Mafart and Prieur, posing as a Swiss honeymooning couple, “Alain and Sophie Turenge”, had been arrested on July 12, 1985, just two days after the bombing, as an exhaustive police investigation escalated. Police came close to arresting four more French suspects who crewed on an 11m sloop, Ouvéa, chartered in Noumea, New Caledonia, to transport the explosives to New Zealand. Detectives flew to Norfolk Island in an attempt to retrieve incriminating forensic evidence. But without cooperation from Australian authorities, the secret agents were released and the Ouvéa and its crew subsequently vanished in the Coral Sea – three of the agents were believed to have been picked up by the nuclear-powered submarine Rubis and smuggled into French Polynesia.
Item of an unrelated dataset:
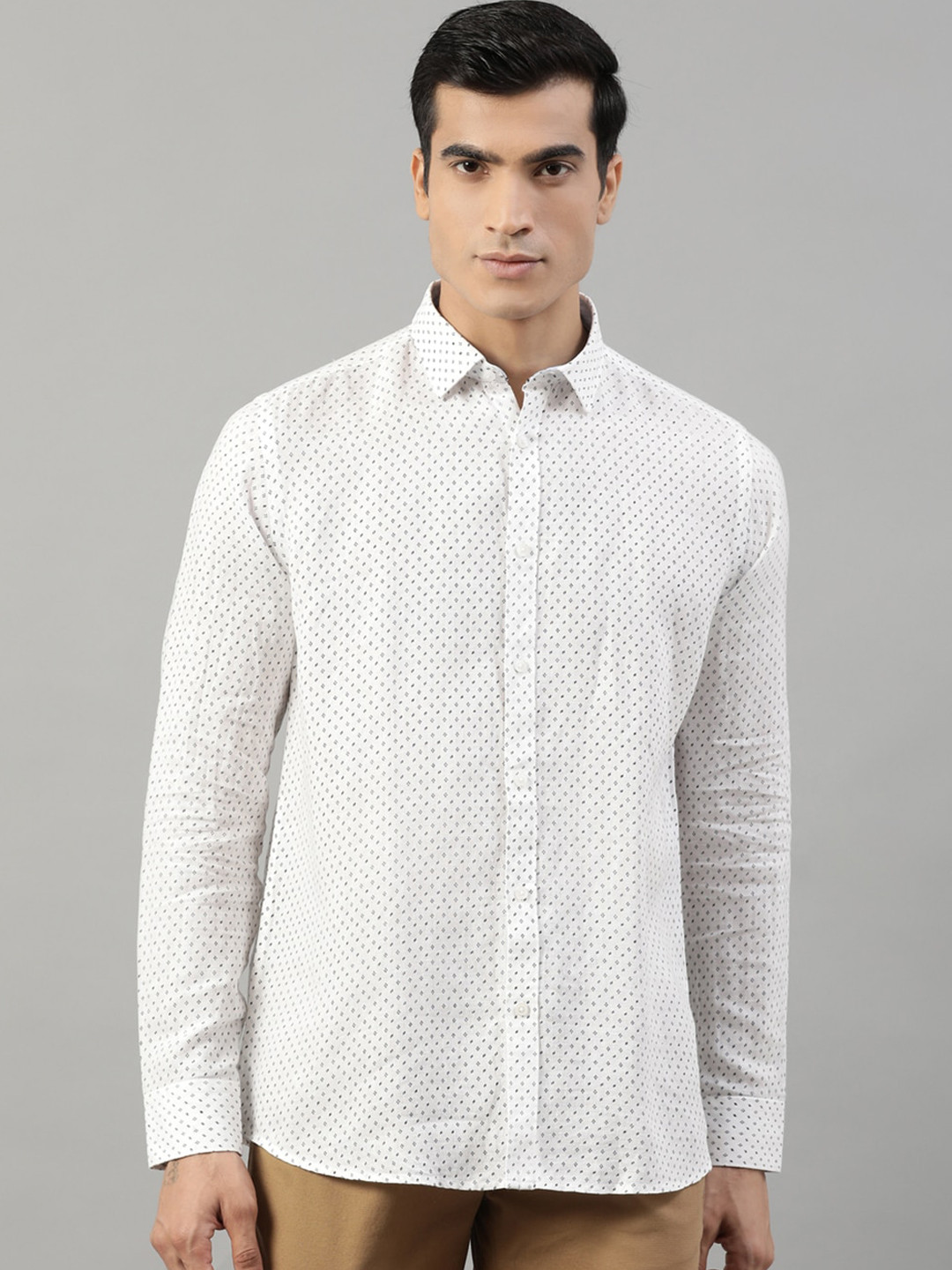 

HARSAM Men White & Grey Regular Fit Printed Casual Shirt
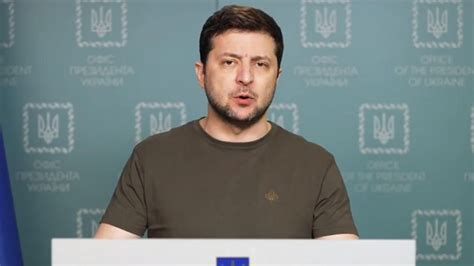 Ucraina Volodymyr Zelensky Da Attore Comico A Presidente Eroe In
The attack on the Rainbow Warrior, involving state terrorism by a friendly nation, became iconic in New Zealand history because it highlighted NZ opposition to nuclear testing in the Pacific. New Zealand High Court closed circuit television (CCTV) footage of the criminal proceedings showed Mafart and Prieur pleading guilty to manslaughter after being initially charged with murder. During the next two decades, five separate attempts were made to gain legal access to the videotape of their guilty pleas, for media purposes. For the first four attempts, lawyers acting for Mafart and Prieur succeeded in blocking public release of the footage by invoking privacy and administration of justice grounds (see Akel, 2007; Pearson, 2007, pp. 371-409; Price, 2007 for evolution of general privacy principles in Australia and New Zealand). However, the fifth attempt, by state-owned public broadcaster Television New Zealand, was finally successful in the Court of Appeal and the footage was broadcast on August 7, 2006. A further appeal to the Supreme Court by the agents was dismissed. This article analyses a case study of the 20-year struggle to broadcast this historic footage and how a remarkable triumph in the public right to know was achieved and balanced against privacy values.